1

I've RAID 5 array that started acting wonky lately. During POST it shows this error:

Slot 4  HP Smart Array P600 Controller       (256MB, v2.04)   1 Logical Drive
1789-Slot 4 Drive Array Disk Drive(s) Not Responding
    Check cables or replace the following drive(s):
         Port 2I: Box  1: Bay 2
  Select "F1" to continue - all logical drive(s) will remain disabled
  Select "F2" to fail drive(s) that are not responding - Interim Recovery
              mode will be enabled if configured for fault tolerance

Then it boots (after a 45 second delay) and starts rebuilding:

# hpacucli ctrl all show config
Smart Array P600 in Slot 4                (sn: P92B3AF9SXR018)

   array A (SAS, Unused Space: 0  MB)


      logicaldrive 1 (410.1 GB, RAID 5, Recovering, 62% complete)

      physicaldrive 2I:1:1 (port 2I:box 1:bay 1, SAS, 146 GB, OK)
      physicaldrive 2I:1:2 (port 2I:box 1:bay 2, SAS, 146 GB, Rebuilding)
      physicaldrive 2I:1:3 (port 2I:box 1:bay 3, SAS, 146 GB, OK)
      physicaldrive 2I:1:4 (port 2I:box 1:bay 4, SAS, 146 GB, OK)

(This takes about 40 minutes.)

We've tried replacing the disk in bay 2, with no perceptible difference.
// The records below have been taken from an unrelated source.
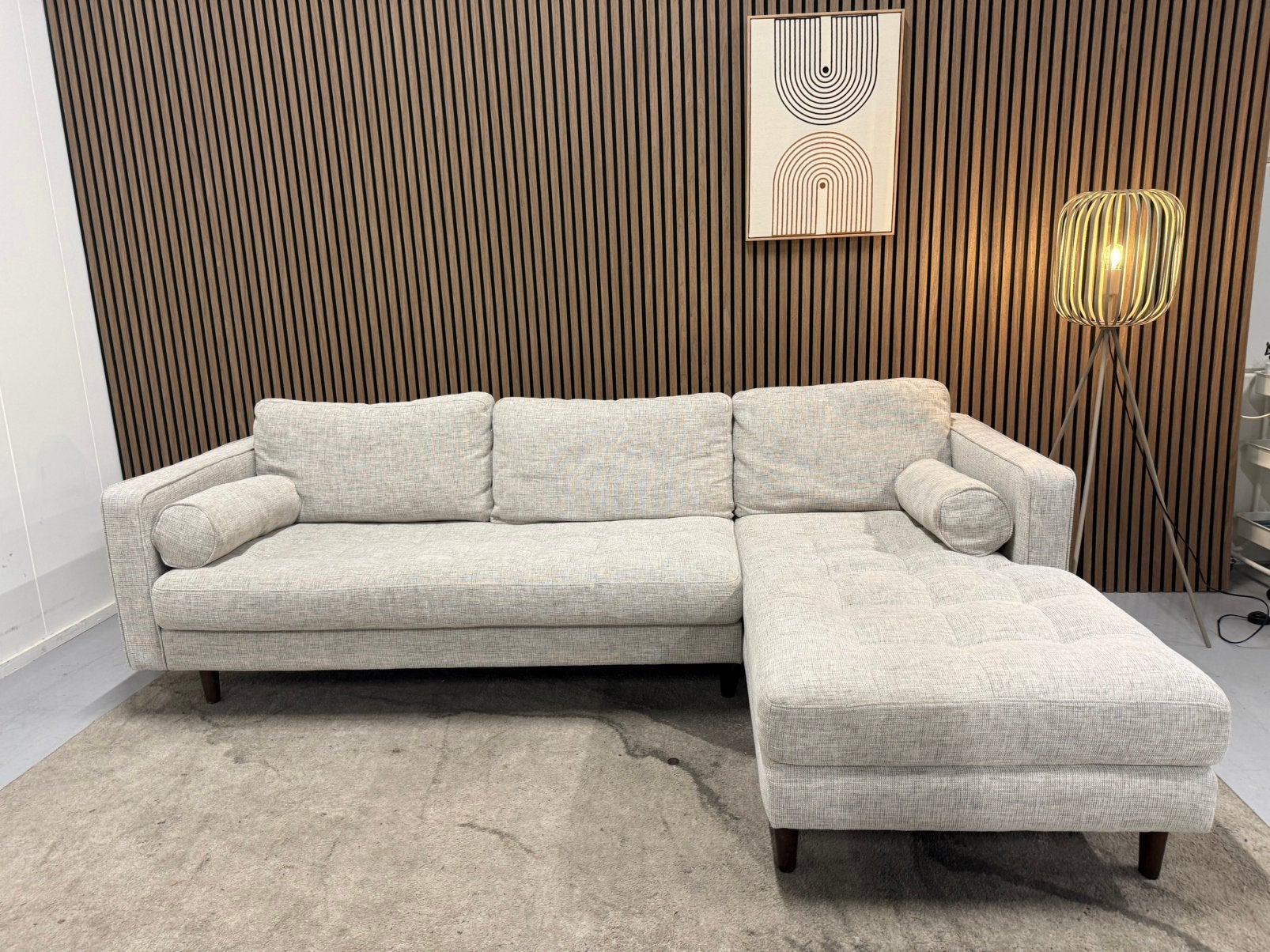 Made Hoekbank - Scott - Crème - GEREINIGD - Nette staat, 250 tot 300 cm, Hoekbank, Ophalen of Verzenden, Zo goed als nieuw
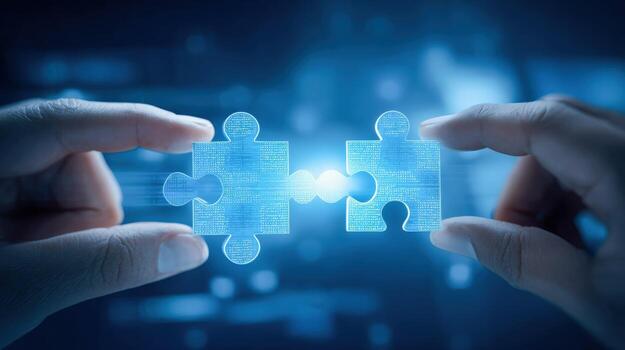 Connecting Puzzle Pieces Hands Joining Abstract Jigsaw Pieces for Collaboration and Problem Solving in Blue photo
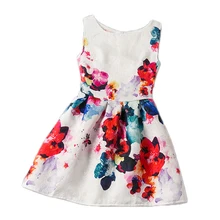 Новые платья для девочек праздничные и свадебные платья без рукавов с цветочным принтом для детей От 7 до 13 лет vestido de festa infantil princesa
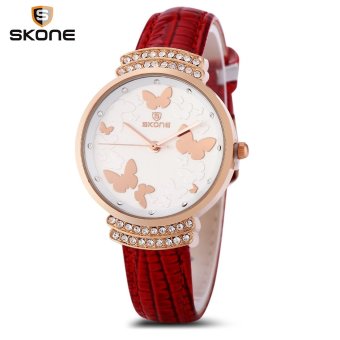 SH SKONE 9374 Women Quartz Watch Imported Movt Butterfly Pattern Artificial Diamond Dial Wristwatch Red - intl  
We've added a spare disk into bay 5, added it to the array as a spare, but it was never used, so I removed it from spares.

Question: Is there a way to convince the RAID controller to drop drive 2I:1:2 from the array and use 2I:1:5 in its place? I've tried

hpacucli ctrl slot=4 array A modify drives=1:1,1:3,1:4,1:5

but this fails with Error: Cannot create array. Cannot add physical drive 1:1.

(Update: smartctl -a -d cciss,$NR /dev/cciss/c0d0 tells me all five disks think they're self-assessing as OK.)

Marius Gedminas
  • 454
  • 3
  • 9
  • I'm voting to close this question as off-topic because the OP is describing a 10-12 year-old server. This is beyond any level of reasonable support. – ewwhite Nov 10 '17 at 17:02

1 Answers1

1

You're supposed to press F2 when prompted.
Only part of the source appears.